**Instructions to follow**: Pictures in the material below are to be left out, and only the lines from the line with "CHRISTMAS PAINT WITH WATER AND BRUSH" up to and including the line with "Miroir Circulaire avec" are to be written out exactly.
─── Material to process
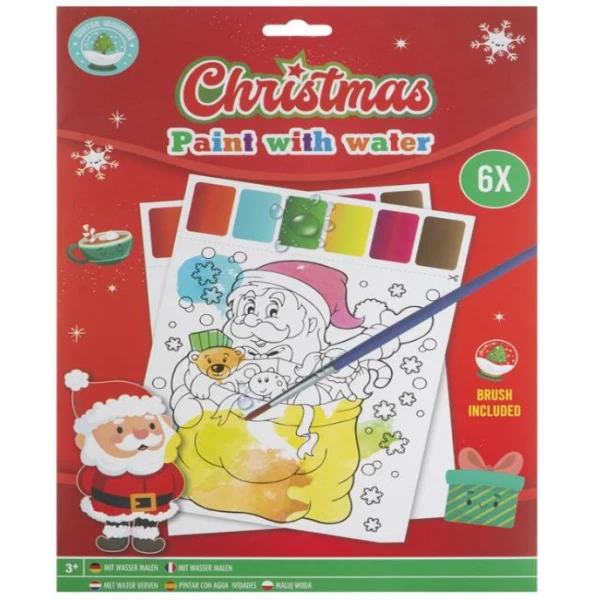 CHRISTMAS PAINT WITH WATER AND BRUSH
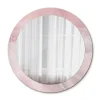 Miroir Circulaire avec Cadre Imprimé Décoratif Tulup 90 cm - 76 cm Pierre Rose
──────
─── Material to process
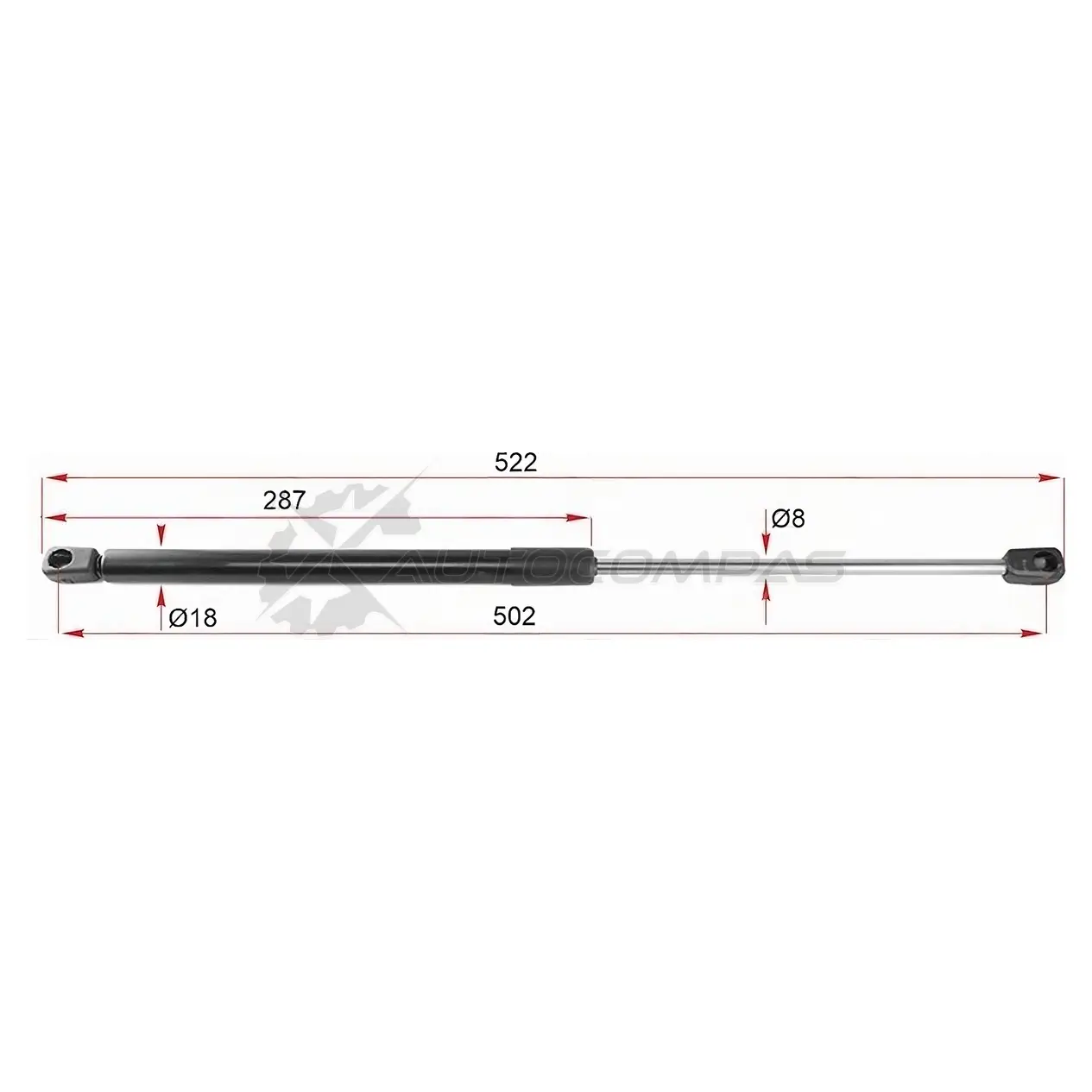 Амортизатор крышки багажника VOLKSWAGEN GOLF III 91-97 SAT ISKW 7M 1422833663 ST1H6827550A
──────
**Answer space**:
 CHRISTMAS PAINT WITH WATER AND BRUSH
 Miroir Circulaire avec Cadre Imprimé Décoratif Tulup 90 cm - 76 cm Pierre Rose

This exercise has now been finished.